### Task item
Your copy of the listing must be exact and must hold no images.

### Records for the exercise
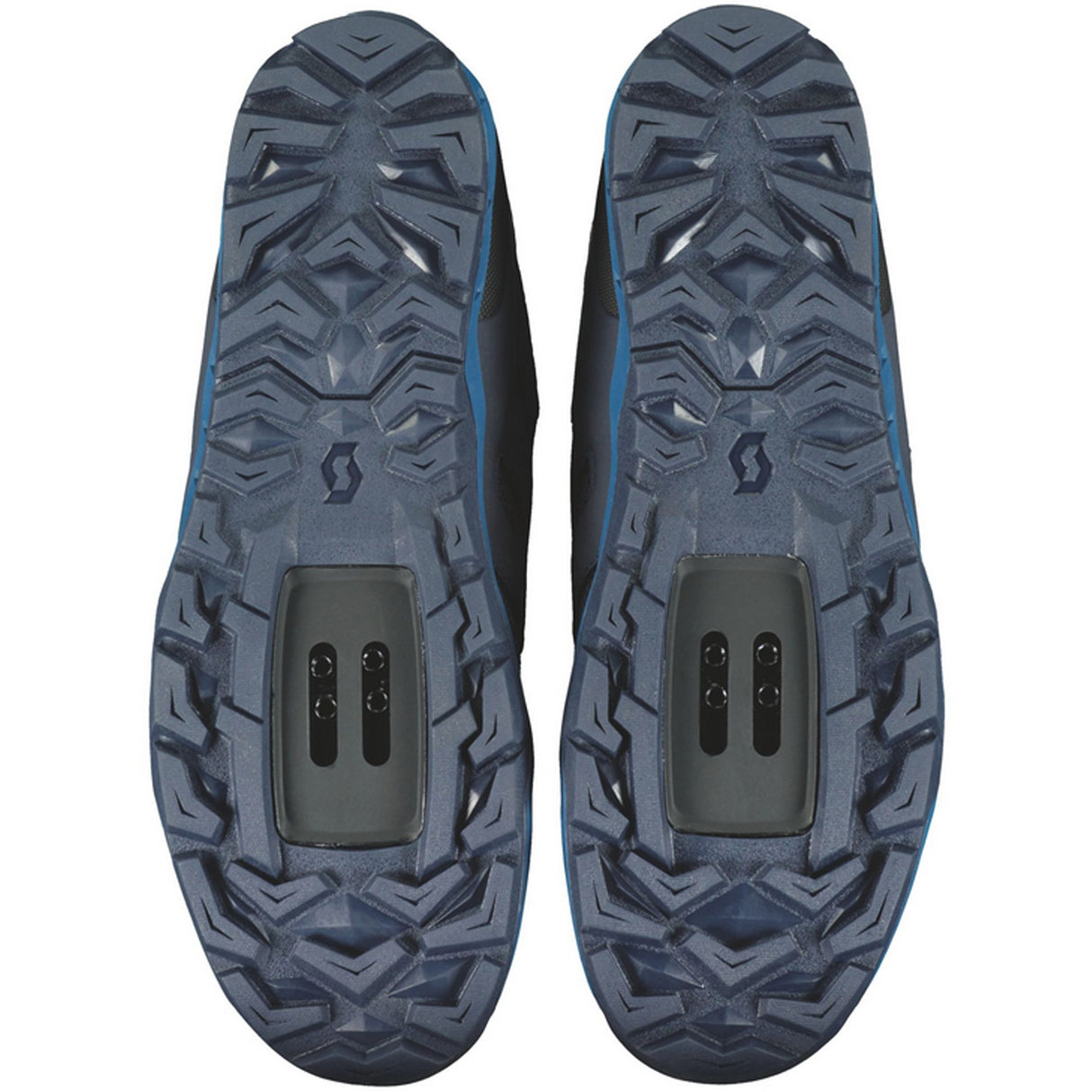 Scarpe mtb Scott Sport Crus-r - Grigio - L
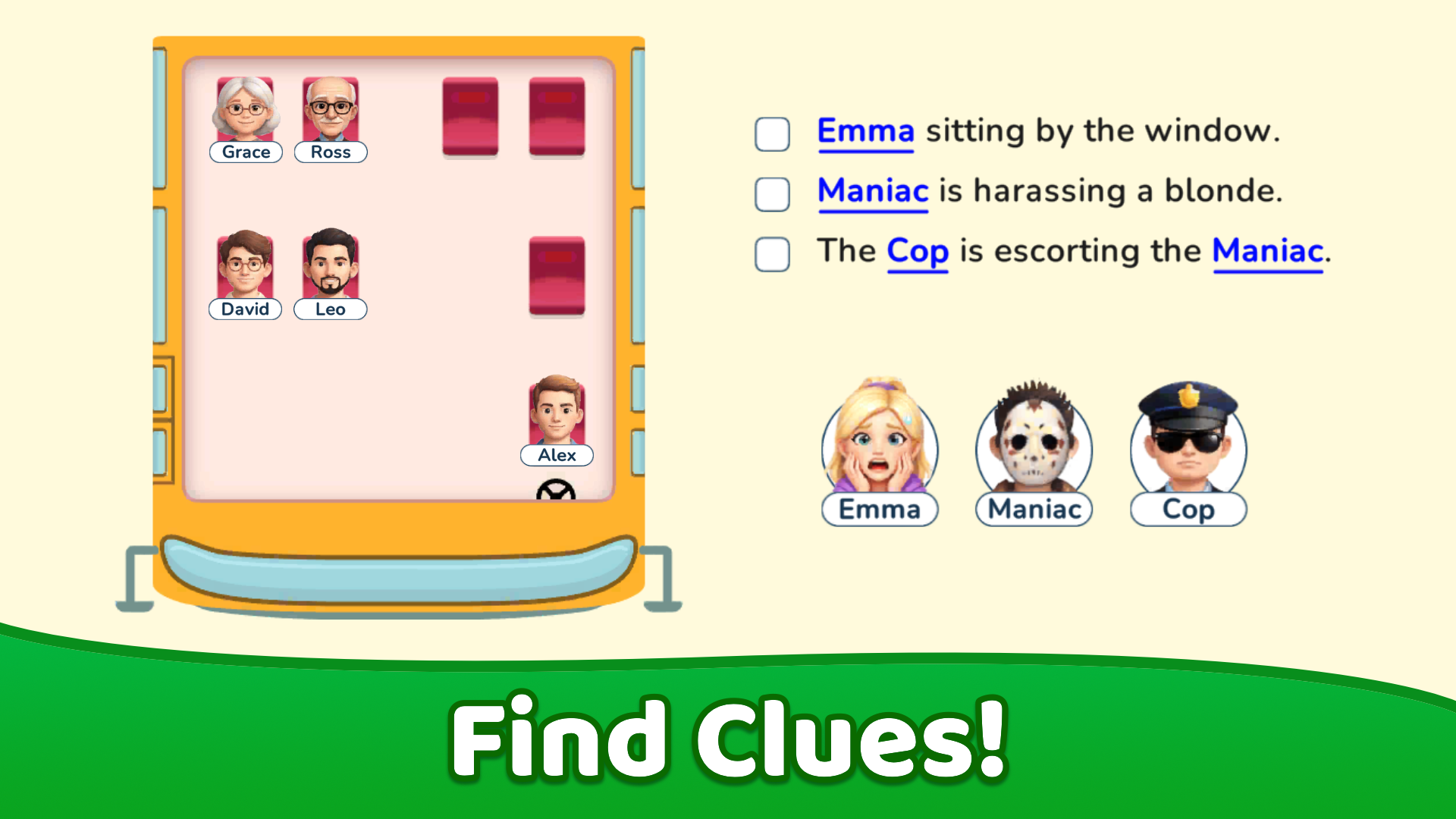 Special Seat — screenshot 1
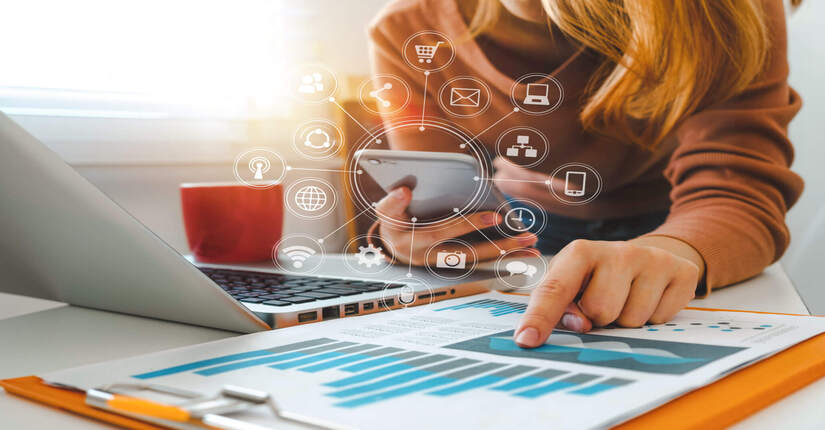 How to Use Social Media to Grow Your Business: Tips & Strategies.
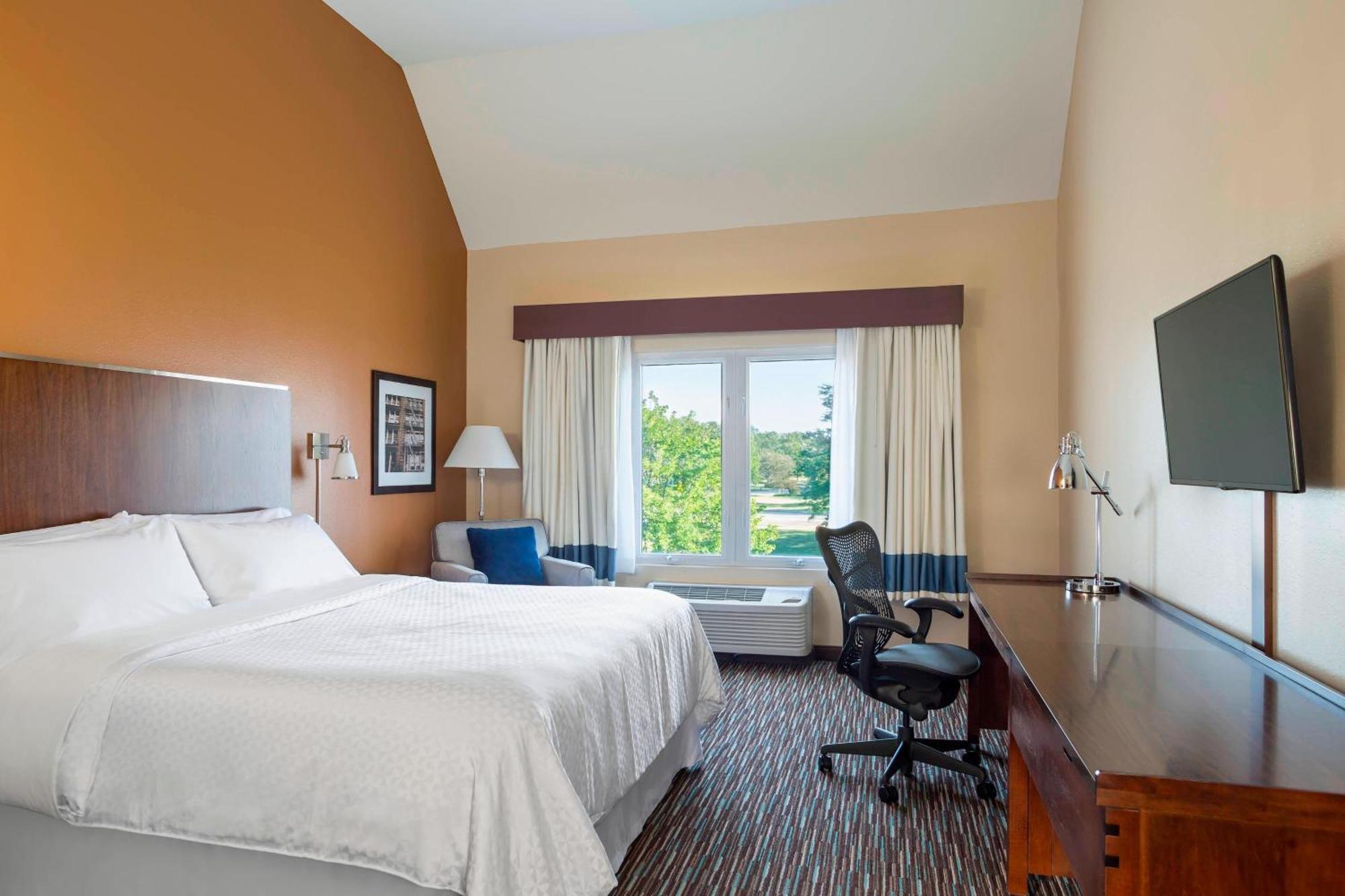Four Points By Sheraton Buffalo Grove Eksteriør bilde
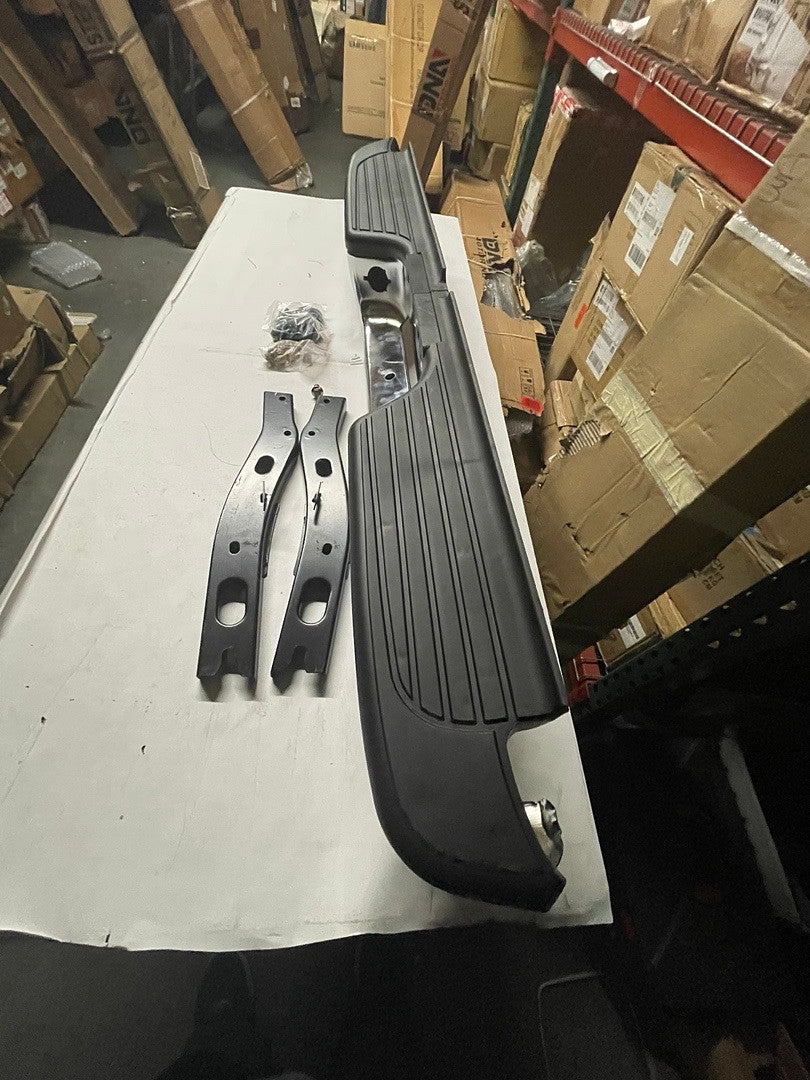 TOYOTA TACOMA 1995-2004 Rear Steel Step Bumper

### Answer space
 Scarpe mtb Scott Sport Crus-r - Grigio - L
 Special Seat — screenshot 1
 How to Use Social Media to Grow Your Business: Tips & Strategies.
Four Points By Sheraton Buffalo Grove Eksteriør bilde
 TOYOTA TACOMA 1995-2004 Rear Steel Step Bumper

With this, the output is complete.